Thames Barrier flood forecasters
The Thames Barrier flood forecasters work a 12-hour shift on a set pattern that ensures our team can monitor the tides 24 hours a day, 365 days per year. We don't decide whether we should close the Thames Barrier, but we provide the Duty Controller – the person who decides whether to operate the Thames Barrier or not – with all the information they need to make the call.
There are several elements that we use to forecast tide levels in the Thames Estuary. Firstly, there is the astronomical tide, governed by the gravitational pull of the sun and moon, which generates a high tide twice a day. These can be calculated years, decades, even centuries in advance. We use a gauge at Southend as a reference point, then monitor each tide as it travels up the River Thames, reaching the tidal limit at Teddington Weir around 2.5 hours later.
On top of that, we have surge to consider. This is formed by the weather patterns in the North Sea. During the storm of December 2013, for example, our monitoring gauge at Southend saw nearly a metre of surge on top of the astronomical tide, providing the highest tide since the Thames Barrier became operational in 1982. Our forecast for that tide was within one centimetre of the real tide.
The weather can also cause the reverse effect. In mid January, we had a large negative surge which resulted in a very low high tide at Southend, and virtually no tide at all once it reached Teddington Weir.
We also look at what is coming the other way – the flow from the non-tidal River Thames coming into central London. Where the two sources of water meet, it can have a huge effect on predicted river levels. The high river flows of February 2014 resulted in the majority of the 50 closures last winter.
If there is no requirement to close the Thames Barrier, then it's still possible that a flood alert needs to be issued for riverside areas upstream of the Thames Barrier. During 2014, we had to issue such alerts for over 100 tides whether the river could flood low lying roads and tow paths between Putney Bridge and Teddington Weir.

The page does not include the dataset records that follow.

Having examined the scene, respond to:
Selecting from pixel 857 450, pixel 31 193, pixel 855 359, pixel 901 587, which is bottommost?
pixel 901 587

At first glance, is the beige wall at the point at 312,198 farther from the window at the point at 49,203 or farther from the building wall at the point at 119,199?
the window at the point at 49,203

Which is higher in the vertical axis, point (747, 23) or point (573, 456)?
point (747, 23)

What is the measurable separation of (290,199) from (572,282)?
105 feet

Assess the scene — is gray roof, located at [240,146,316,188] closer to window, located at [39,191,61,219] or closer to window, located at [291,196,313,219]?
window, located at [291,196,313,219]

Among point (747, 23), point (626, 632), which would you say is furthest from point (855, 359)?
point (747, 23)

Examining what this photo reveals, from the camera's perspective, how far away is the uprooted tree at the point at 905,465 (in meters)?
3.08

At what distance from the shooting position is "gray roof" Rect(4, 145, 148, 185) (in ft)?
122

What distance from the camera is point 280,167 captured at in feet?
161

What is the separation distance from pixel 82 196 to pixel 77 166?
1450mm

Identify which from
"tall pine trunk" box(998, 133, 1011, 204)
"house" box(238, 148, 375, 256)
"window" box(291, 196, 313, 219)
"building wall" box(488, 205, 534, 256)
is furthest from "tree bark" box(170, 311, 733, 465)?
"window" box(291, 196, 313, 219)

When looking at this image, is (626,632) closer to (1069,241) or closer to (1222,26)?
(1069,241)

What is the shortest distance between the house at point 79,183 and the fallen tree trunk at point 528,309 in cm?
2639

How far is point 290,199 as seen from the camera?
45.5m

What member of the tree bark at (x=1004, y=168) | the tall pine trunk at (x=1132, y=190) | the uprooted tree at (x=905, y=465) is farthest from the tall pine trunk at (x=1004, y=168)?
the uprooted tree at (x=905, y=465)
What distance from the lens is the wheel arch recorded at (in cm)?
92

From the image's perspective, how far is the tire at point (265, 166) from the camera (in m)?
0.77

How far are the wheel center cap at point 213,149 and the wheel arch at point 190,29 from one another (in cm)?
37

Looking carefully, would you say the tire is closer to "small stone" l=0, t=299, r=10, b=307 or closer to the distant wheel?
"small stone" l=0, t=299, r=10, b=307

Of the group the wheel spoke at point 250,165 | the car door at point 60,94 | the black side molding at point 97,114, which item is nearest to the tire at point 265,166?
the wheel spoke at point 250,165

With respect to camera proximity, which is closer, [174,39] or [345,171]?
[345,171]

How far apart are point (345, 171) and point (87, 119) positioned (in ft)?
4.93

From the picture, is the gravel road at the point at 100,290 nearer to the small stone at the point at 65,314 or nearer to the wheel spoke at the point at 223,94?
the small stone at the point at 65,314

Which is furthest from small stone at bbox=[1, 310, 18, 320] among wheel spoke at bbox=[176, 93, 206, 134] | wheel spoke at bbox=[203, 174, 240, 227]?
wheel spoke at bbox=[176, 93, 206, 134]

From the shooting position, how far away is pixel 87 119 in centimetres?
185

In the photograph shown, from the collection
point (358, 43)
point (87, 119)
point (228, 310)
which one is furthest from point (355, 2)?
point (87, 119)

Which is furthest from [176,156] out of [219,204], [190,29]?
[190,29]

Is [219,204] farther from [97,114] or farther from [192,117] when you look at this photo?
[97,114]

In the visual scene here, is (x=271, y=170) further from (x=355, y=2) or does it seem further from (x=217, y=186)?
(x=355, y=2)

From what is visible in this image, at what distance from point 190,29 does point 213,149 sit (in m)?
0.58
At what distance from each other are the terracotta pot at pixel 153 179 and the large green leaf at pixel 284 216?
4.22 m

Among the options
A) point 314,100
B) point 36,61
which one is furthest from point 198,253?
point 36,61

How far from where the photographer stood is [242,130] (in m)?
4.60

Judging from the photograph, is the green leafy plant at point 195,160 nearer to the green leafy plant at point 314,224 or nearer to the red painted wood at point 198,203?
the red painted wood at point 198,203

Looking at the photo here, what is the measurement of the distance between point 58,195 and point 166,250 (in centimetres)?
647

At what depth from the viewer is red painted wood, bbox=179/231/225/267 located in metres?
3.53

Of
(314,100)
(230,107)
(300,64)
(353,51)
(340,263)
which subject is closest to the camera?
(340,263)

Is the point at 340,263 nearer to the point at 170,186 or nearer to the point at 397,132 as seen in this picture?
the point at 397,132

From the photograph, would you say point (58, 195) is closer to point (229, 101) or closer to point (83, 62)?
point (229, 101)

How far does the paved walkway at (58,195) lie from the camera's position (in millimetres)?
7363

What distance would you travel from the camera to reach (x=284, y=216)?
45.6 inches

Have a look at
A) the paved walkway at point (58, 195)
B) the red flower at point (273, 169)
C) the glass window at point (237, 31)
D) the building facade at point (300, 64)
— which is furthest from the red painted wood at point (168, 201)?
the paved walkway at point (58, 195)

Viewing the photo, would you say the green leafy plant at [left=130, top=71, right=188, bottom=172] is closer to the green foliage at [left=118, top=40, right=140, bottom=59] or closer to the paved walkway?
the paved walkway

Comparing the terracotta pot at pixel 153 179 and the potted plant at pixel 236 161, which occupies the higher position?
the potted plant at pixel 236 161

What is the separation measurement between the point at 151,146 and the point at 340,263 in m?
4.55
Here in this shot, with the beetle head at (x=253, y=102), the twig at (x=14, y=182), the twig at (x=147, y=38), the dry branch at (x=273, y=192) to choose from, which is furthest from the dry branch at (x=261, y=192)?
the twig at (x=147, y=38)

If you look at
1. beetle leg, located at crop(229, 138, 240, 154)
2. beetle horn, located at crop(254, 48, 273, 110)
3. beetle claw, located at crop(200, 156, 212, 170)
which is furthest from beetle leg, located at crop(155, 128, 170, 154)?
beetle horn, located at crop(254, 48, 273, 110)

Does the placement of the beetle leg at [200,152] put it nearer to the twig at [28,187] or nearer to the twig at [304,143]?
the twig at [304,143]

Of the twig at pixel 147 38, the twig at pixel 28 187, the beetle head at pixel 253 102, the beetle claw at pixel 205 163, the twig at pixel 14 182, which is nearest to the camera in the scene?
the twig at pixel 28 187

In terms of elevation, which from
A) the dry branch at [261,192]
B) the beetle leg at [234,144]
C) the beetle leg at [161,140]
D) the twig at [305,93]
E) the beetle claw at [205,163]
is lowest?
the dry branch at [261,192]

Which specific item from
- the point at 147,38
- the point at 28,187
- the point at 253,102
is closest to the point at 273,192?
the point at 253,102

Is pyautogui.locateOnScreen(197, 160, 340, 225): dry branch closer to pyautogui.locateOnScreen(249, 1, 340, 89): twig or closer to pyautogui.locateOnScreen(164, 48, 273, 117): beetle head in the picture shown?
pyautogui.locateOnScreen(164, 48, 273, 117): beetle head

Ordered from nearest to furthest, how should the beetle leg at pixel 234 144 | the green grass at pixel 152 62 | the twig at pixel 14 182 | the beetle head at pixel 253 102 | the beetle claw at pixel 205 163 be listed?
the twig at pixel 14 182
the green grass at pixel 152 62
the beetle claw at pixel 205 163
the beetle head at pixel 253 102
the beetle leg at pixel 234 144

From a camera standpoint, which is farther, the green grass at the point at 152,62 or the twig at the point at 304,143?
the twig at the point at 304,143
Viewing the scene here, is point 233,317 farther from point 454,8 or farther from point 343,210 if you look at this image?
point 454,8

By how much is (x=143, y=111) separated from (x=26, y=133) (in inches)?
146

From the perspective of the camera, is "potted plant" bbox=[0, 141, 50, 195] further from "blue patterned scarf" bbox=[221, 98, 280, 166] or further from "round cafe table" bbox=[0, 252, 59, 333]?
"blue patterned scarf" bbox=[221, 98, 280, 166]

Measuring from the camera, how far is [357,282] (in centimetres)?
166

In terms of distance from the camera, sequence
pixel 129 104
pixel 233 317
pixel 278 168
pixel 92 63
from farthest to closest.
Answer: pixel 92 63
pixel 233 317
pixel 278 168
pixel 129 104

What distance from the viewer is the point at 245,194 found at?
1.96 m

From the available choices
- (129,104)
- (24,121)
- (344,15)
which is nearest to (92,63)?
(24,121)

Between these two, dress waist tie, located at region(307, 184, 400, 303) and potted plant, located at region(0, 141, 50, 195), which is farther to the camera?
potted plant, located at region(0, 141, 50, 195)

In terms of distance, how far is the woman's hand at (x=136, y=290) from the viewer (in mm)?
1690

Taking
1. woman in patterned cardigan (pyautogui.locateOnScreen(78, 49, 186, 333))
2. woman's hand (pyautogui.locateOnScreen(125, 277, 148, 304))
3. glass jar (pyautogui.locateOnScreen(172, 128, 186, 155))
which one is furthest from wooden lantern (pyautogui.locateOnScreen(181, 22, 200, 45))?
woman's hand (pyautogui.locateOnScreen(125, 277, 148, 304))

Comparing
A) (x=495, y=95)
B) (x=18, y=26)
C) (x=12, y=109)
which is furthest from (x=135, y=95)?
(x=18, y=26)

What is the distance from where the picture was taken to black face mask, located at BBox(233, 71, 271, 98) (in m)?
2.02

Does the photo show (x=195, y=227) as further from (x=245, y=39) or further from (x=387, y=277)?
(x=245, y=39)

The Thames Barrier's Control Room
During the daytime, there is always a hive of activity in the Control Room. Our team of electricians and mechanics, who carry out maintenance work on the Thames Barrier, are in regular contact with the Shift Engineer. He also sits in the Control Room, where he monitors all of the sensors that are in place on the piers and gates.
We are in regular contact with the Port of London Authority. This means if we need to take control of a span – the space between two piers where each of the nine gates sit – for any reason, such as a gate move or carry out routine inspections, we have the authority to do so without disruption to river traffic.
We also have to keep an eye on our network of tide gauges. Levels come into the Control Room every 60 seconds. If a fault should occur, we would need to investigate it immediately and, if required, send out one of our experienced team.
I'm really looking forward to my new role and the responsibility that goes with it. I think I now have one of the best office views in the Environment Agency.